- [What the task asks]
Every line in the data below has to be repeated exactly; no picture belongs in the result.

[[ Data provided, beginning ]]

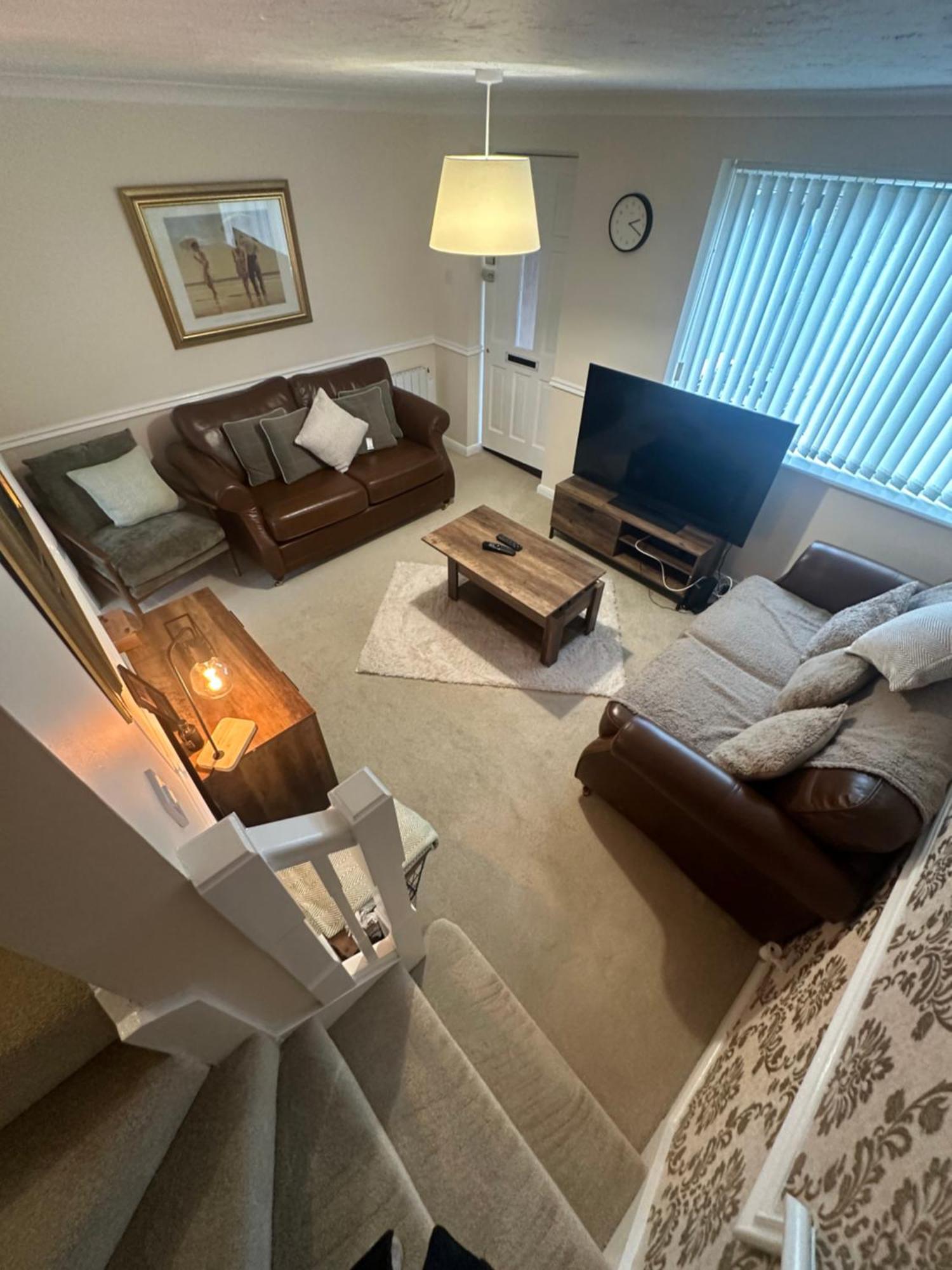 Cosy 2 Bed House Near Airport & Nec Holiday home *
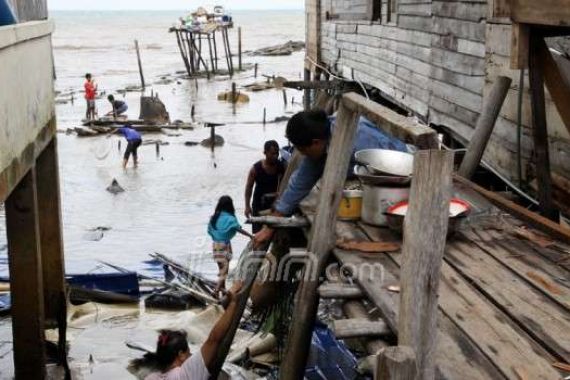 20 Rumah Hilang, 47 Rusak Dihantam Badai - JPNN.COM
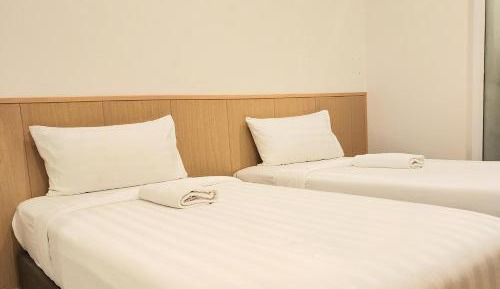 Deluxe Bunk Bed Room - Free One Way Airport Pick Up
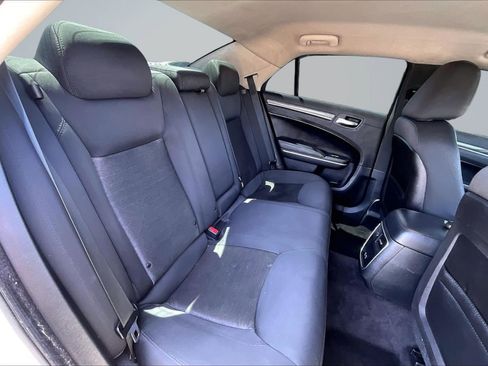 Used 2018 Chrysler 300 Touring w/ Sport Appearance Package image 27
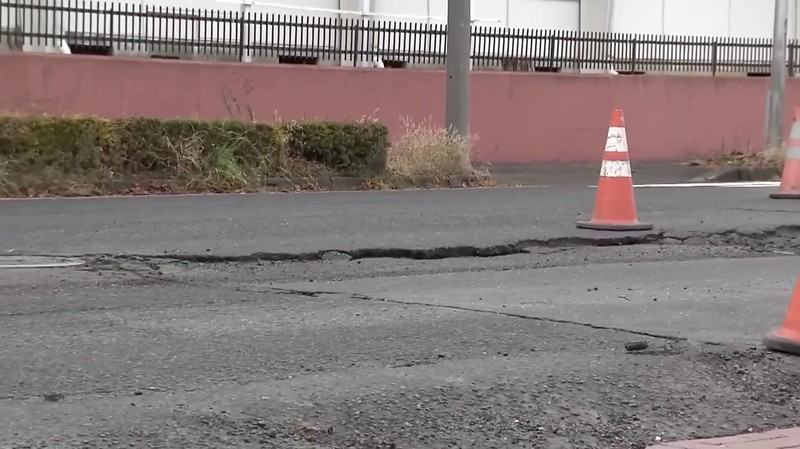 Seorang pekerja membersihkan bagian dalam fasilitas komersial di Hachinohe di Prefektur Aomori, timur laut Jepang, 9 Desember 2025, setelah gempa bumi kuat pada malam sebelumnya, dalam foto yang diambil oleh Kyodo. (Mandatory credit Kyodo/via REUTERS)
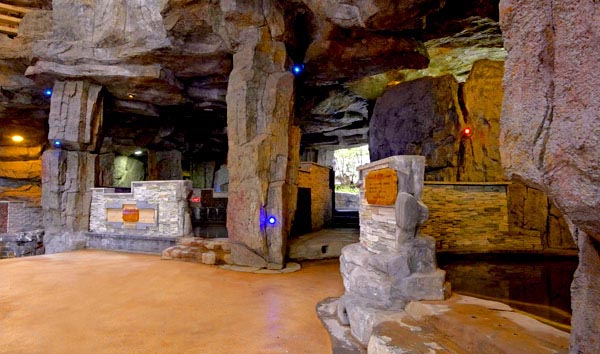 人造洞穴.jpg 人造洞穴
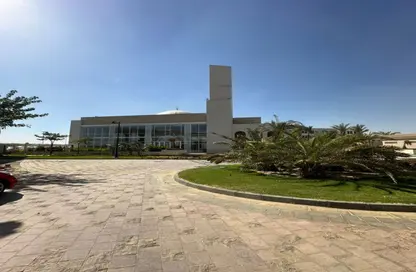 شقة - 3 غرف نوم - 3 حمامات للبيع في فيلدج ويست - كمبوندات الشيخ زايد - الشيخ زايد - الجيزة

[[ Data provided, end ]]

- [Solution to this exercise]
 Cosy 2 Bed House Near Airport & Nec Holiday home *
 20 Rumah Hilang, 47 Rusak Dihantam Badai - JPNN.COM
 Deluxe Bunk Bed Room - Free One Way Airport Pick Up
 Used 2018 Chrysler 300 Touring w/ Sport Appearance Package image 27
 Seorang pekerja membersihkan bagian dalam fasilitas komersial di Hachinohe di Prefektur Aomori, timur laut Jepang, 9 Desember 2025, setelah gempa bumi kuat pada malam sebelumnya, dalam foto yang diambil oleh Kyodo. (Mandatory credit Kyodo/via REUTERS)
 人造洞穴.jpg 人造洞穴
 شقة - 3 غرف نوم - 3 حمامات للبيع في فيلدج ويست - كمبوندات الشيخ زايد - الشيخ زايد - الجيزة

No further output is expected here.